China to Raise Debt to GDP Ratio, Tighten Infrastructure Investments

Nation lays out investment blueprints to hedge against slowing economy.

Slowing growth won’t stop China from finding a few silver linings at its annual legislative session.

The world’s second-largest economy will be raising its fiscal deficit target slightly in 2019, to 2.8% of GDP, a mere 0.2 percentage point rise from 2018. The target is still lower than the 3% international deficit warning, which is also less than that of other major economies.

At the National People’s Conference, Liu Kun, China’s minister of finance, said the target has factored in a balance of fiscal profits, spending, and the issuance of “special-purpose debts” while leaving room for “macro regulation.” He noted that the emerging market’s government debts are used mostly for investing rather than operational costs and employee payments, which occurs in many other countries.

Liu wants to enhance efforts to keep steady economic development while accommodating tax and fee cuts. This would shrink the burden on enterprises while surging markets. The minister said earnings from designated state-owned financial institutions and businesses directly under the central government will get a boost. Local governments will be asked to invest funds and assets through “multiple avenues.”
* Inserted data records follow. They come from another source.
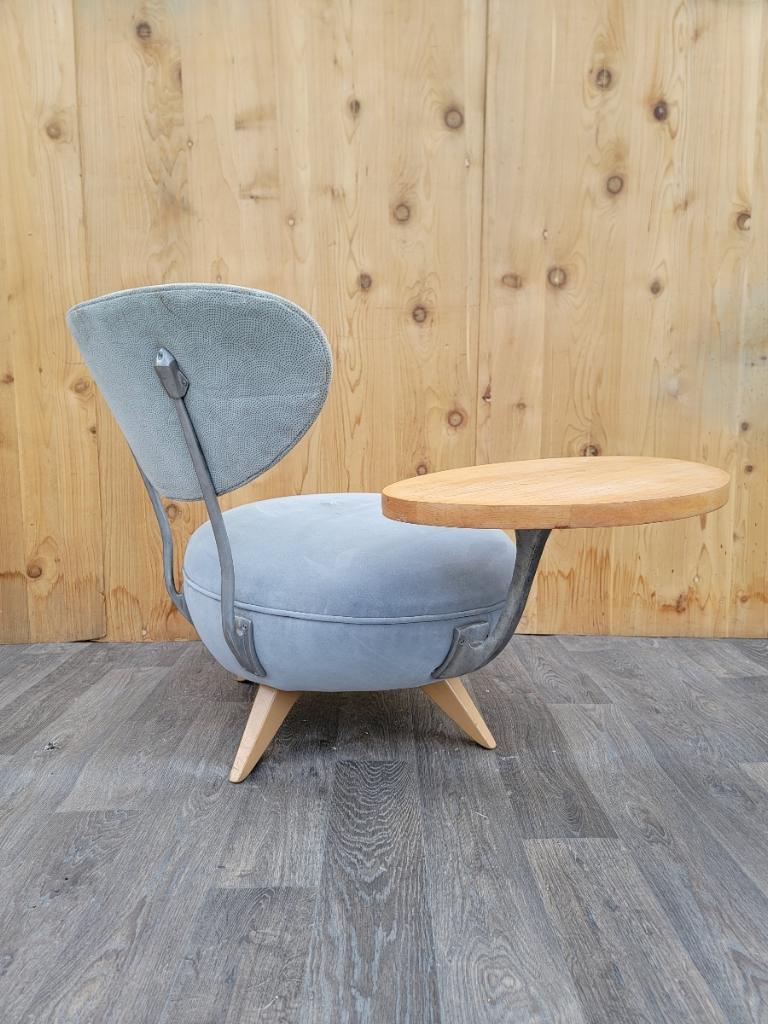 Retro Moderner drehbarer Vintage-Stuhl aus Galerkin mit angehängtem Beistelltisch  (Handgefertigt) im Angebot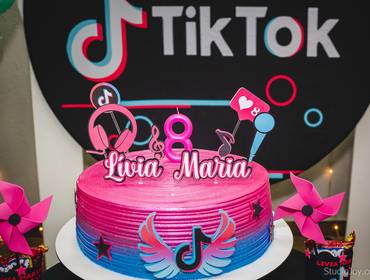 Aniversário Infantil de Tik Tok Booooom... Dia de celebrar os 8 Anos da Lívia!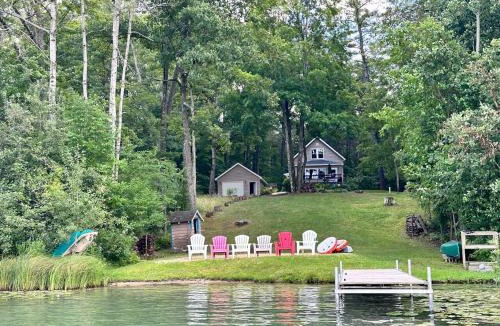 Newaygo House | Emerald Cove Cottage-3 bd, 2 ba-Sleeps 10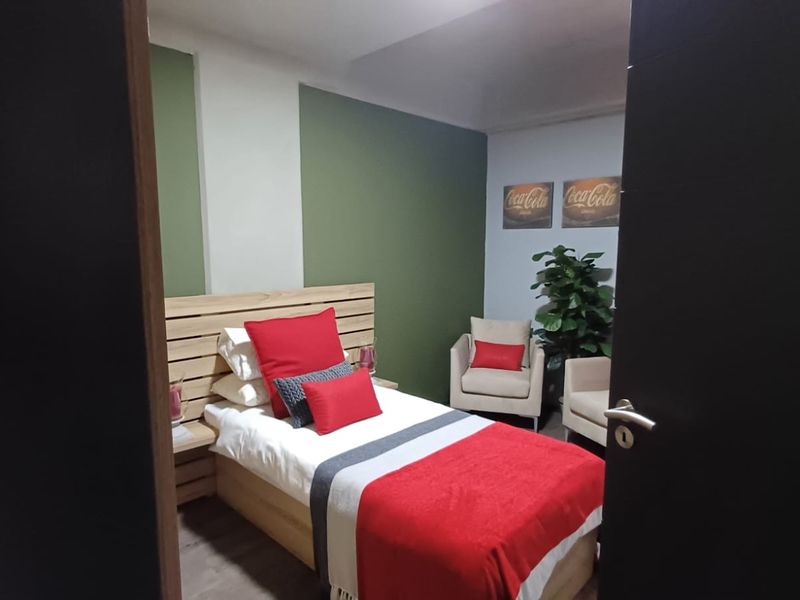 2 bed, 2 bathroom apartment for sale in Menlo Park. - Photo 9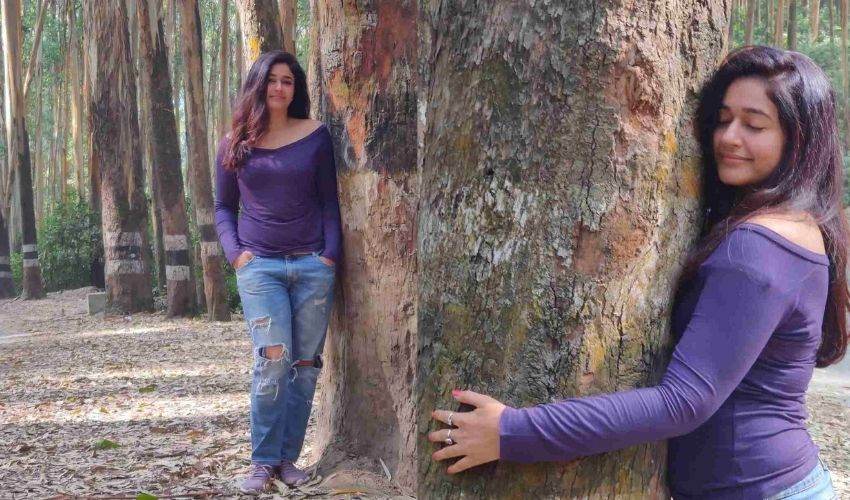 Poonam Bajwa : చెట్లతో లవ్ స్టోరీ అంటున్న పూనమ్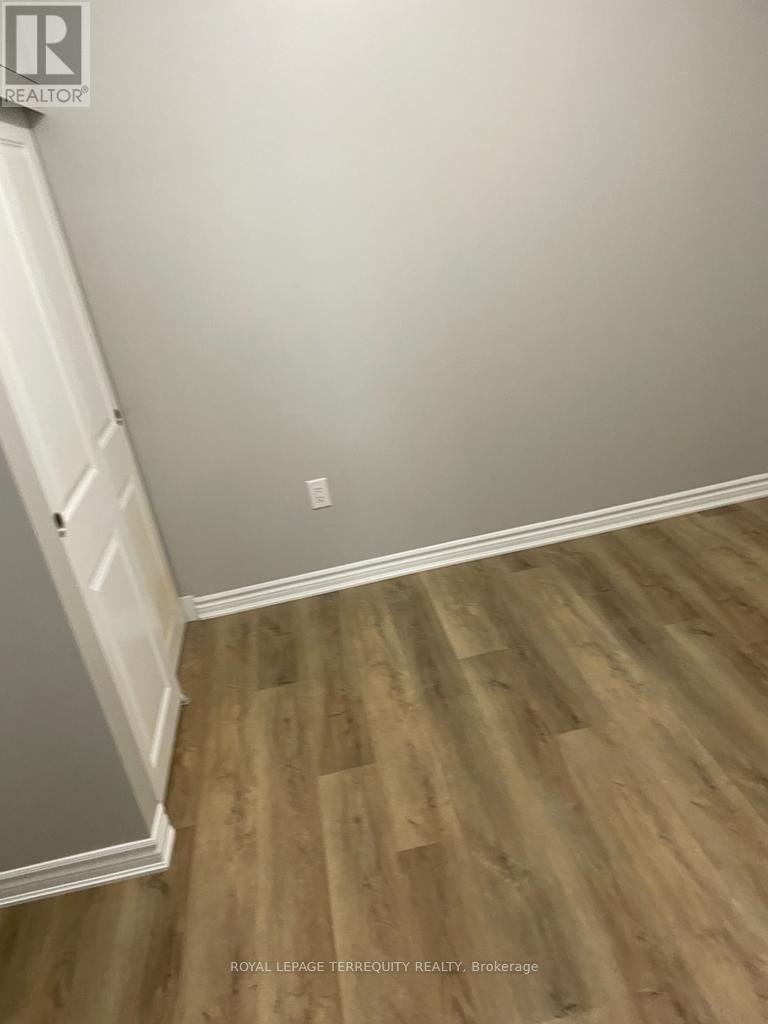 3 - 646 Lansdowne Avenue, Toronto, Ontario  M6H 3Y7 - Photo 4 - C12472496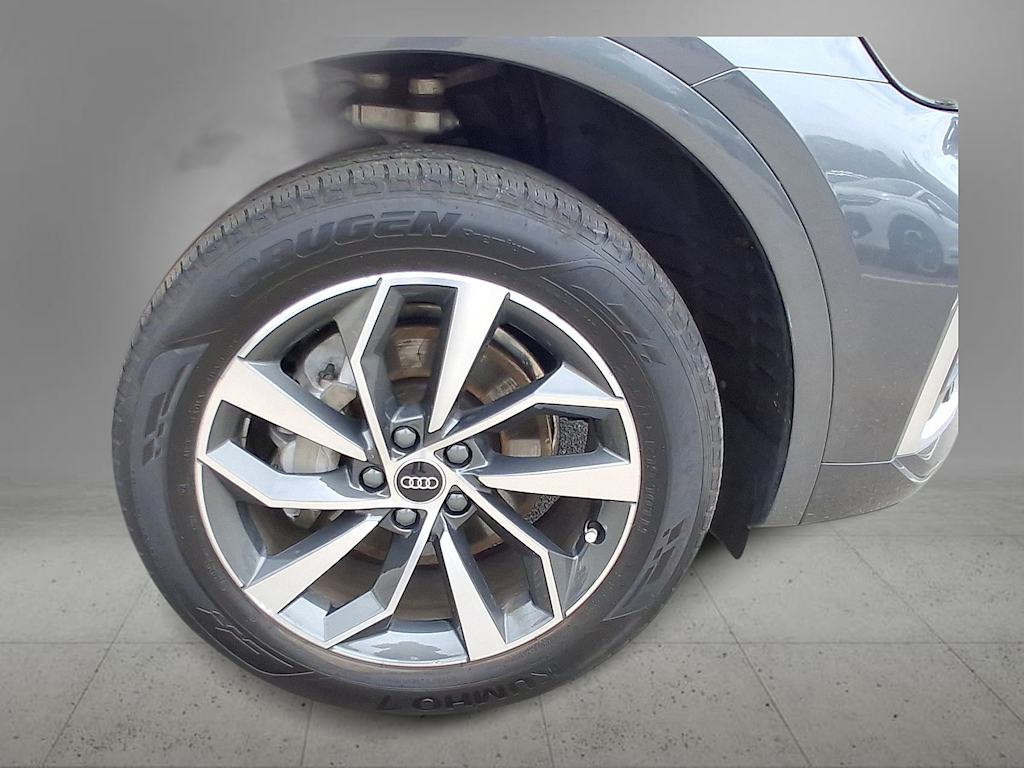 Thumbnail: 2023 Audi Q5 - 8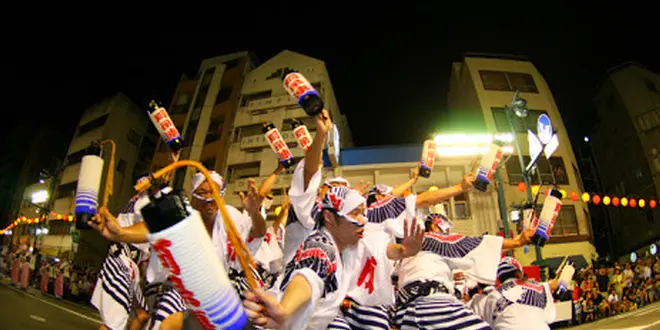 阿波踊りを楽しみながら満喫の高円寺デート！お昼から夜まで。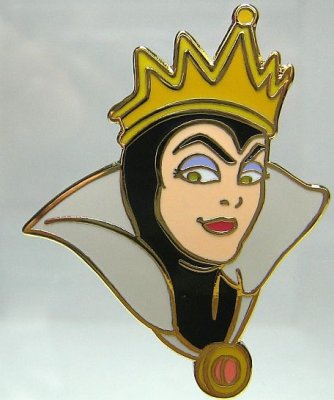 Evil Queen pin (Disney Villains Card Series)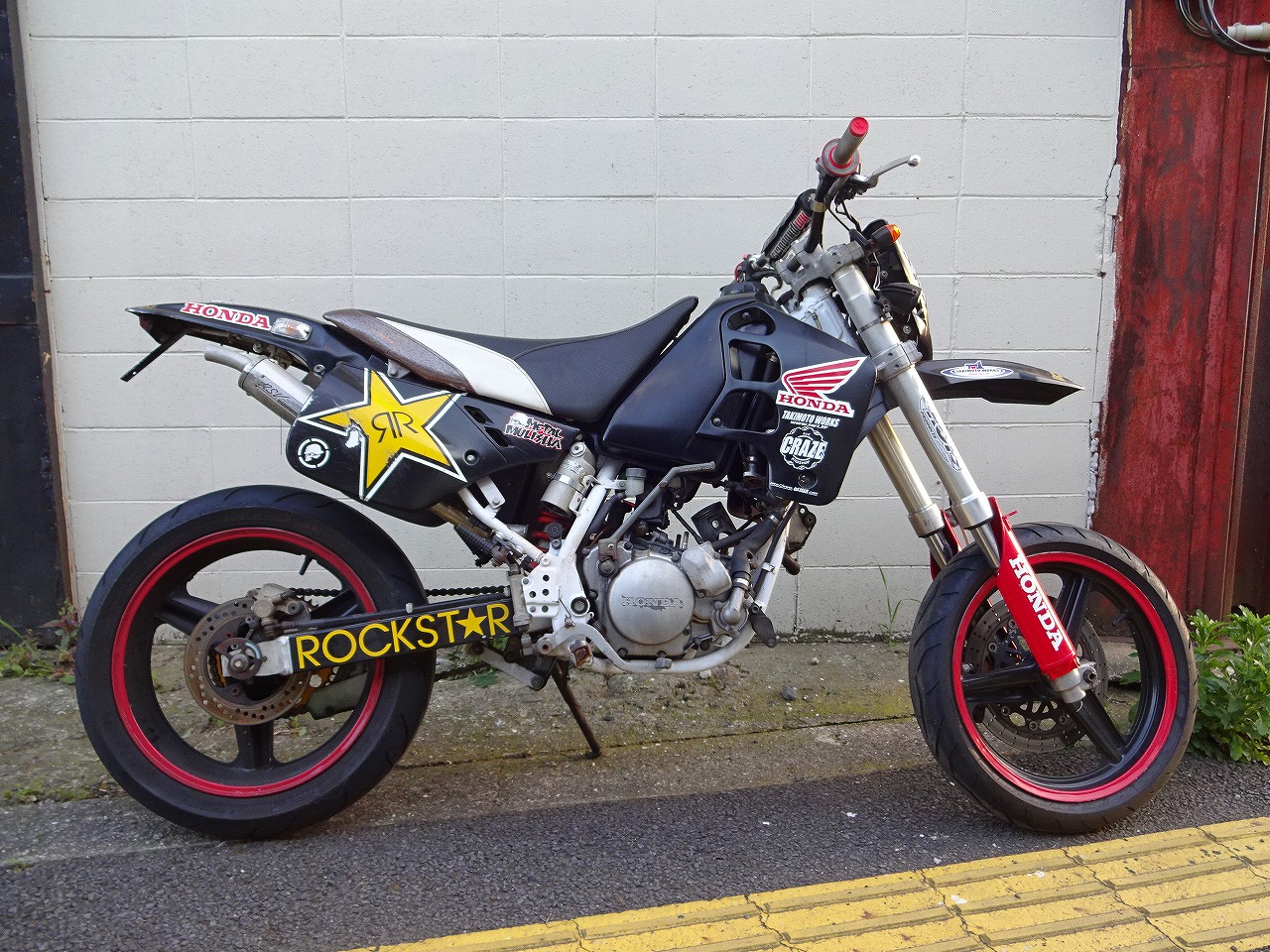 ホンダ☆crm250r 2型 社外★ufo制 フロントフェンダーa6621b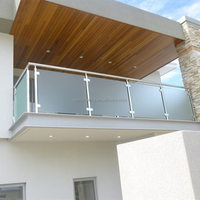 YL Garde-corps de balcon moderne en verre transparent avec balustrade en acier inoxydable finition satinée/miroir et pince de fixation en verre pour une sécurité facile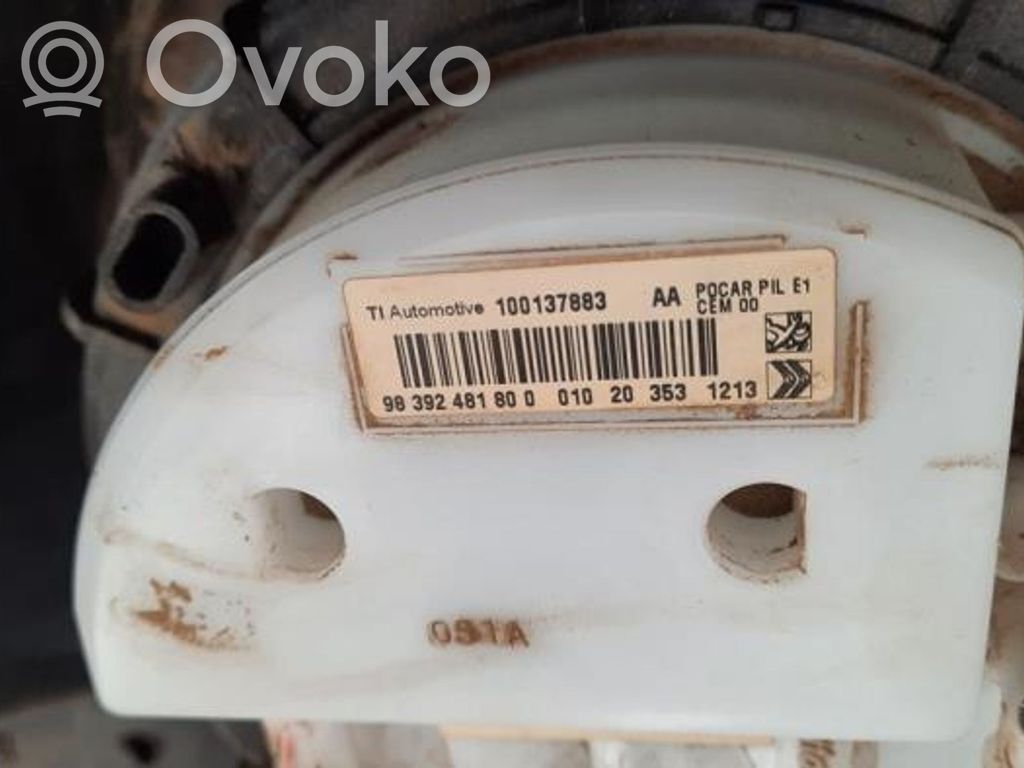 Peugeot 208 II Bomba interna de combustible 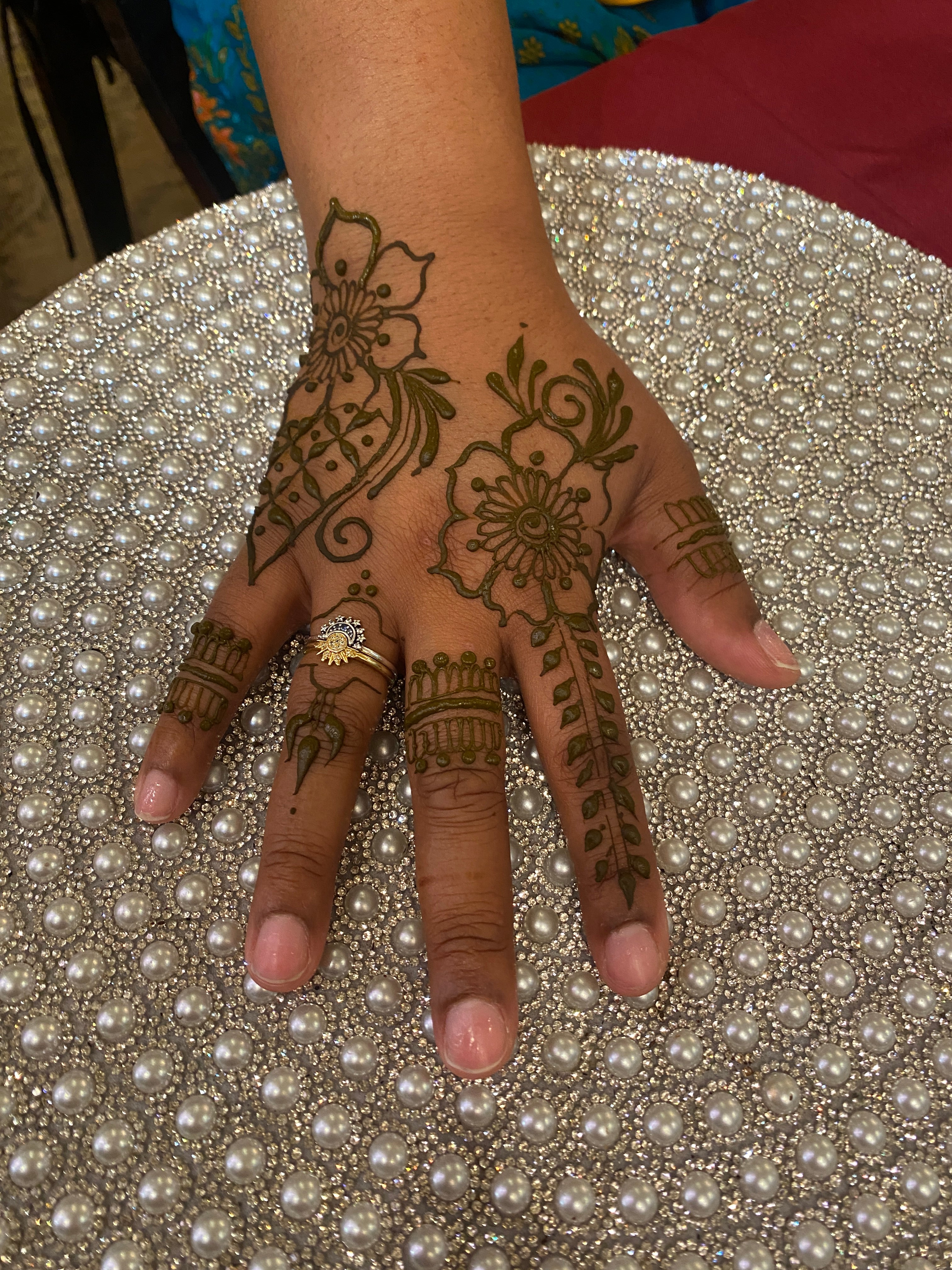 Extended Individual Session – Henna By Aleena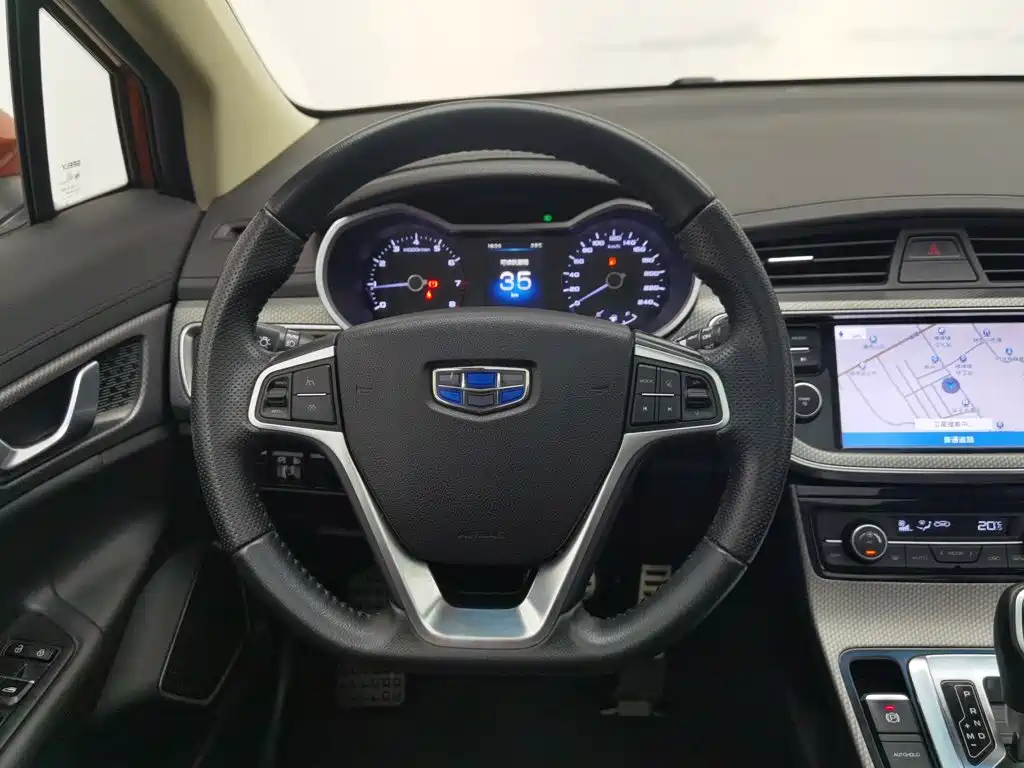 Geely Emgrand GS 2017 — фото 11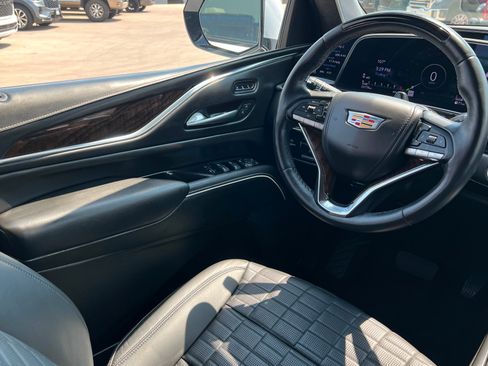 Used 2024 Cadillac Escalade Sport Platinum w/ LPO, ONYX Package AWD/4WD image 12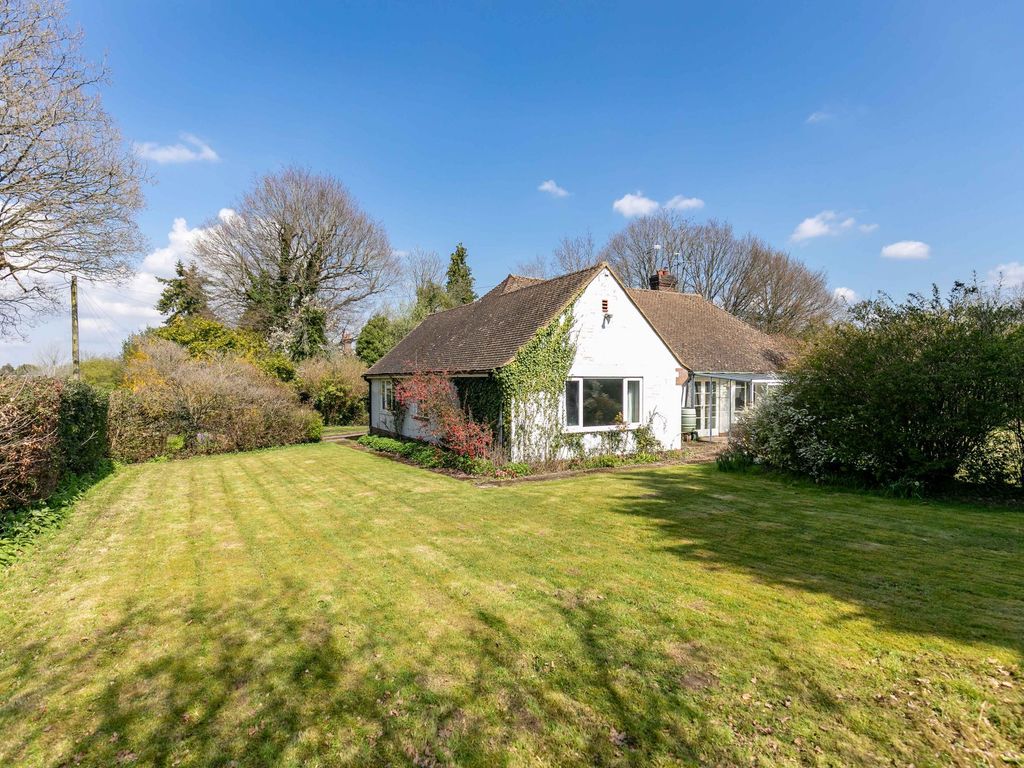 4 bed detached bungalow for sale in Effingham Lane, Copthorne RH10 Zoopla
One of those roads is infrastructure.  

He Lifeng, head of China’s National Development and Reform Commission, said the government is cracking down on all investments that would create new debt or wind up only partially finished.

He did not name any specific targets nor any current projects as an example.

“Financing will support projects that are under construction or new ones that serve the overall economic and social needs,” the official said.

Railway, road construction, and waterway projects are some of China’s current plans, according to a government work report. The programs will cost about 1.2 trillion Yuan, or $178.7 billion. Roughly $86 billion is in the central government budget for related investments this year.

Lifeng also said government spending and industrial policies will go toward more private investments, adding that 62% of the total fixed-asset investments were in private capital. About 35% were made in manufacturing and equipment upgrades.